I mean I know that from now on she needs all the help she can get and support and love, is not Im neglecting her but my sister telling me very often, remember to be with mom, be there fr her, take care of her, I feel like she assume Im not doing a good job so she keeps reminding me that every often Is like she does not trust me or believe I Im not doing a proper job and she has to remind of it as often as she wants. My older sister always is like attacking me that I do things in a bad way. I know my personality is strong and I have a strong character, and there are times Im always defensive she reminds of it very often. For example my voice tone is very loud and there are times that when I speak it could be a little loud and my sister gets mad at me for not lowering my tone when I speak. She tells me you have o llearn how to control your tone well this is beside this point Im talking about here.

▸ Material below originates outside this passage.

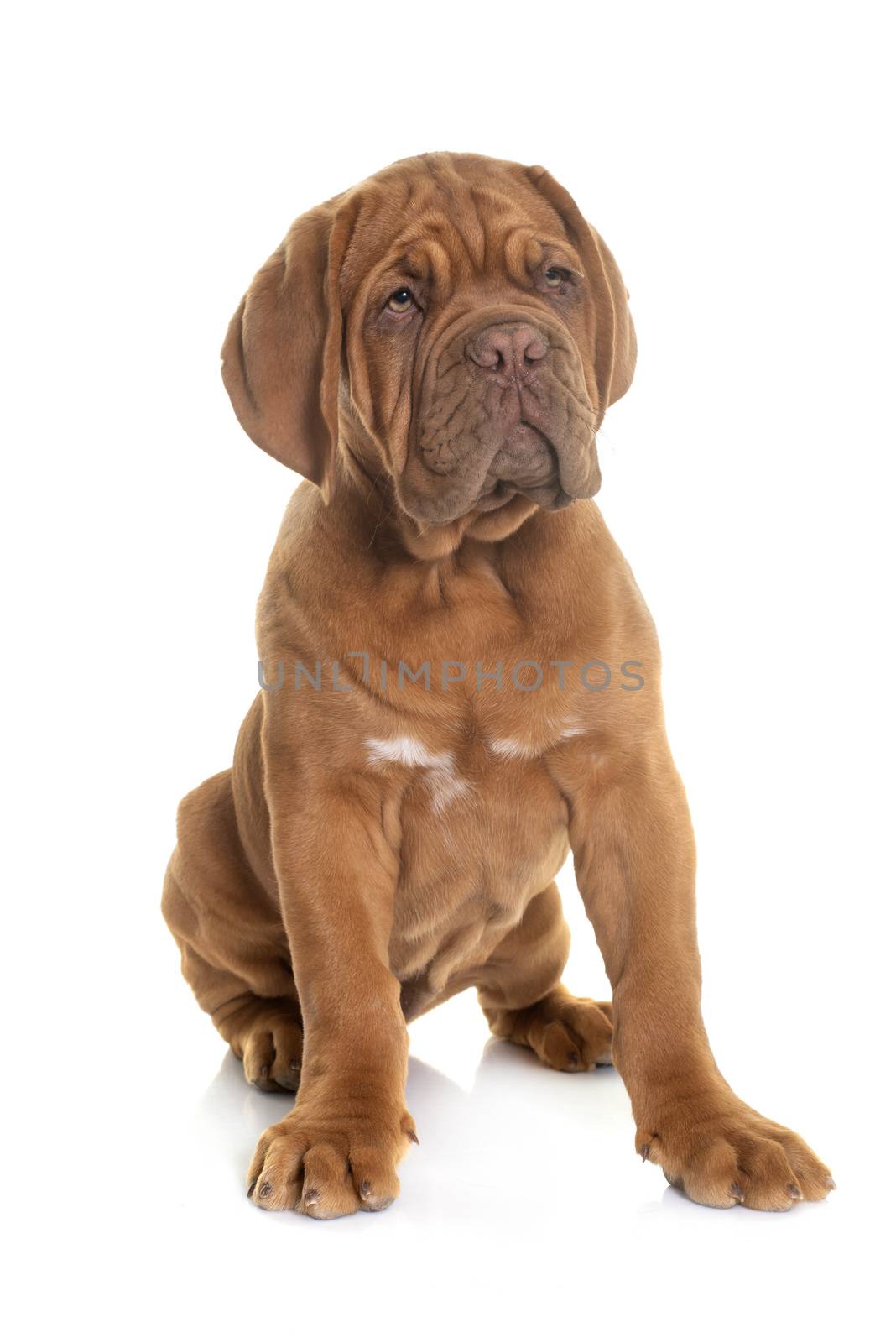 puppy Bordeaux mastiff in front of white background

I feel that my older sister does not trust me and she believe s Im not taking good care of mom or neglecting her so she believes she is in her right to remind me everyday, I know I am sleeping with mom so she is not alone in bed. My mom still drives and she sometimes like to be independent of course she is no super woman and we want to relieve her from doing certain things so she won’t get tired
I usually goes to d my aerobics every Sunday to work out and my sister tells me that I should not be going in order not to leave mom alone in the house as she may need something. Im nota neglecting our mom Im just attending some classes then I return home but working out distracts me. I don’t know but Im guessing my older sister tells me that caue Im the one living with mom and not hre so I be the one in charge along with my brother.
I mean my sister does not live at the house, she has her own house to take care of, not even my half sister tells me that, in fact she does not even get involved in teling me those things, well my mom is not my half sister mom so probably is the reason why she does not say anything I assume.